Right to fair hearing[21]
By
the provision of sec.36 (1) of the constitution of the federal republic of
Nigeria, 1999, fair hearing is not only a common law right but a constitutional
right. The rationale behind it is that, in determination of his civil and
obligation, a person is entitled to fair hearing within a reasonable time by
the court or other tribunal established by law.
In the same vein, fair hearing requires the
observance of the twin pillar of the rules of natural justice which are:
Audi alteram partem,[22]
Nemo judex in causa sua,[23]
Fair hearing means fair trial; that is a trial
conducted according to all legal rules formulated to ensure that justice is
done to the parties to the cause. All accused person standing trial on a
criminal charge should be accorded a fair hearing during the trial.
Fair hearing envisages that the present
parties to a case be given opportunity to prevent their respective cases
without any hindrance from beginning to the end. It also envisages that the
court or tribunal hearing the parties’ case should be fair and impartial
without showing any degree of bias against any of the parties.
In Tony
V. State,[24]
the refusal to adjourn a case and the refusal to determine the appellant’s
claim was a fundamental breach of the fundamental right to right to fair
hearing, and that vitiated the entire proceedings however, well conducted.
Furthermore, by the provision of sec.36 of the
constitution, under the fundamental right procedure embodied in the
constitution, there is a presumption of innocence in favour of an accused
person, but the burden of proof is on the prosecution to prove the essential
ingredients of the offence the accused is charged with.
However, it can be further stated that once a
trial has given a party an ample opportunity to defend himself, and the party
does not avail himself of the opportunity, then the party cannot complain that
he was deprived of the right in him by section 36(4) and (6) of the 1999
constitution. In Ogunsanya V. State,[25]
the appellant was given opportunity to defend himself but he failed to use that
opportunity. In the circumstances, he could not complain of denial of fair
hearing.
. In Torri v. National Park Service of Nigeria ‘The right to fair
hearing is described as an extreme fundamental right in the constitution and
the breach thereof has its implication on the proceedings. Every person charged
with a criminal offence is entitled to be heard. This right is inalienable and
an indispensable requirement of any judicial decision. However, fair hearing is
not some kind of abstract principle. In Uwazurike
v. Attorney-General of the Federation the principle of fair hearing is
described to entails a trial done in accordance with the rules of natural
justice.

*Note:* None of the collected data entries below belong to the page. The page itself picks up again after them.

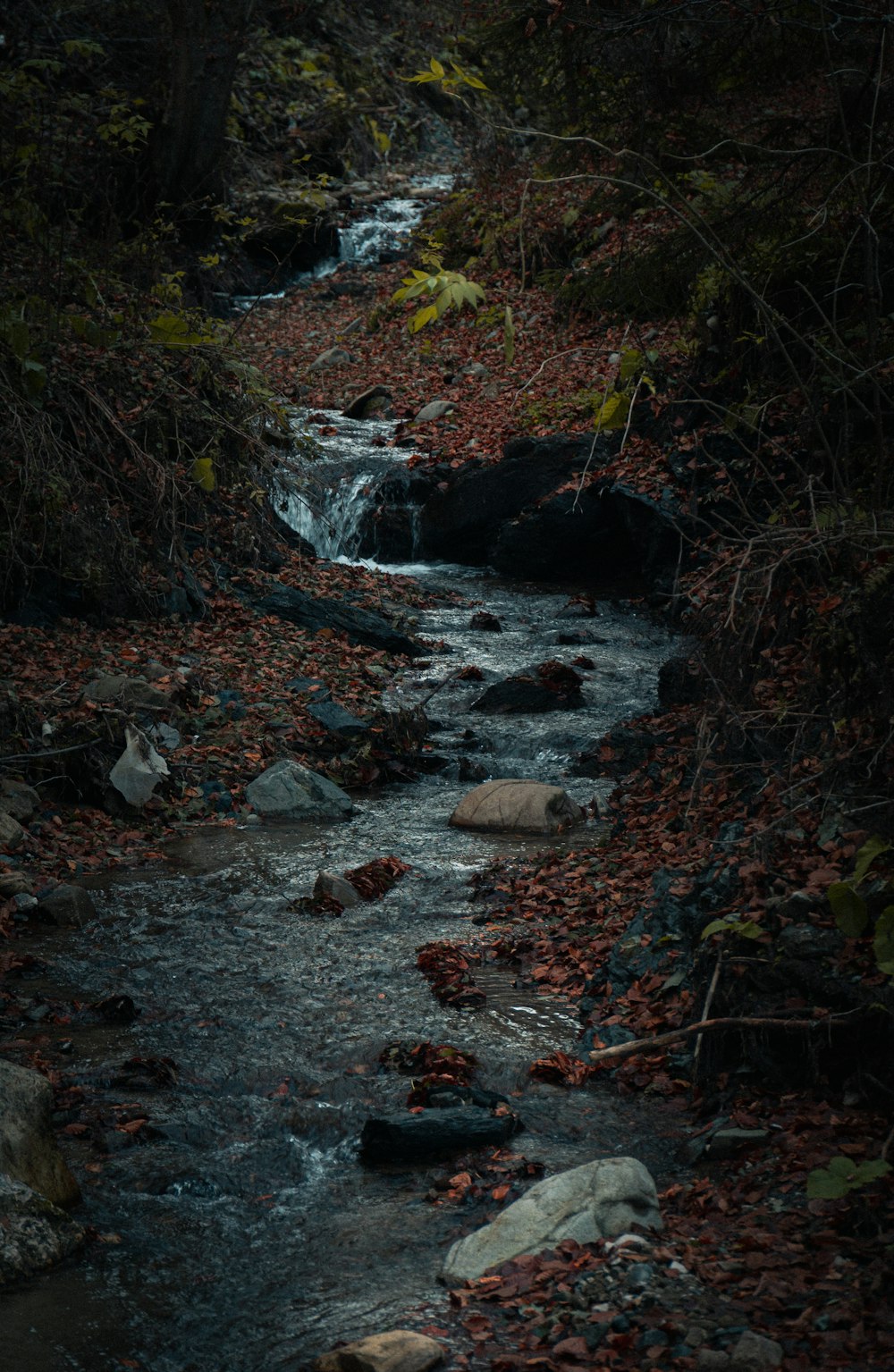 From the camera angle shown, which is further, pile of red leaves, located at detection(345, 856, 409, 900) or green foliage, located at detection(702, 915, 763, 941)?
pile of red leaves, located at detection(345, 856, 409, 900)

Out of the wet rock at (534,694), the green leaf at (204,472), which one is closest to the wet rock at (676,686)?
the wet rock at (534,694)

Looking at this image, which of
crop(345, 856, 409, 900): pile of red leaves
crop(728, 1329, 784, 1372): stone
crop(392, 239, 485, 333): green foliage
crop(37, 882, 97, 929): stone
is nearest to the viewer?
crop(728, 1329, 784, 1372): stone

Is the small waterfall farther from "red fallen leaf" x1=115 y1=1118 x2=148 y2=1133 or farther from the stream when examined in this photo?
"red fallen leaf" x1=115 y1=1118 x2=148 y2=1133

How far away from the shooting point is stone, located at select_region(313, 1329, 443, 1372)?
275cm

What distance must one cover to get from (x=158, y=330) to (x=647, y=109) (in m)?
4.83

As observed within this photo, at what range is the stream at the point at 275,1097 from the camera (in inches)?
121

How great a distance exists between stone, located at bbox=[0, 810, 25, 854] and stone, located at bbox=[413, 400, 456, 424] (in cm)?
937

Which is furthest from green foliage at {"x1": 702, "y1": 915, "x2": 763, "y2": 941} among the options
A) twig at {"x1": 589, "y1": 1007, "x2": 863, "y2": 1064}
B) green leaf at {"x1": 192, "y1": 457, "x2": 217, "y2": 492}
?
green leaf at {"x1": 192, "y1": 457, "x2": 217, "y2": 492}

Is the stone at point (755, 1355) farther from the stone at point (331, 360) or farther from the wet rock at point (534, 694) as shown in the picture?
the stone at point (331, 360)

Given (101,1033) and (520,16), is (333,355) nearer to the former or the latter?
(520,16)

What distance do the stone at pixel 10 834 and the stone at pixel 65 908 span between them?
0.65 meters

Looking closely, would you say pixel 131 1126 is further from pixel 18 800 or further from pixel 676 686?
pixel 676 686

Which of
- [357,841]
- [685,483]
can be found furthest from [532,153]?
[357,841]

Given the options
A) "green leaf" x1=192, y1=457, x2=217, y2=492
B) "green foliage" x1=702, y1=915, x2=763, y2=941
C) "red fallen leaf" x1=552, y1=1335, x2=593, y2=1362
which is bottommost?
"red fallen leaf" x1=552, y1=1335, x2=593, y2=1362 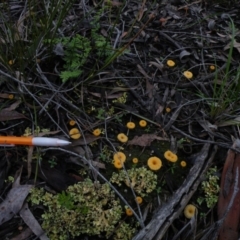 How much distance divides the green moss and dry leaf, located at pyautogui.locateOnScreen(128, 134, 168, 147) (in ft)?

Natural justice in the broad sense is justice done in circumstances
which are just equitable and impartial. Fair hearing is really in the procedure
followed in the adjudication of a case and not in the correctness of the
decision.
Presumption
of innocence[26]
The
Presumption of innocence, or sometimes
expressed in latin Ei incumbit probation
qui decit, non qui negat,[27]
has been defined as “a principle
which requires the government to prove the guilt of a criminal defendant and
receives the defendant on any burden to prove her innocence.
Sec, 36(5) of the constitution provides
that:
“Every
person charged with a criminal offence shall be presume to be innocent until he
is proven guilty.
Provided
that nothing in this section shall invalidate any law by reason only that the
law imposes upon the person the burden of proving particular facts”.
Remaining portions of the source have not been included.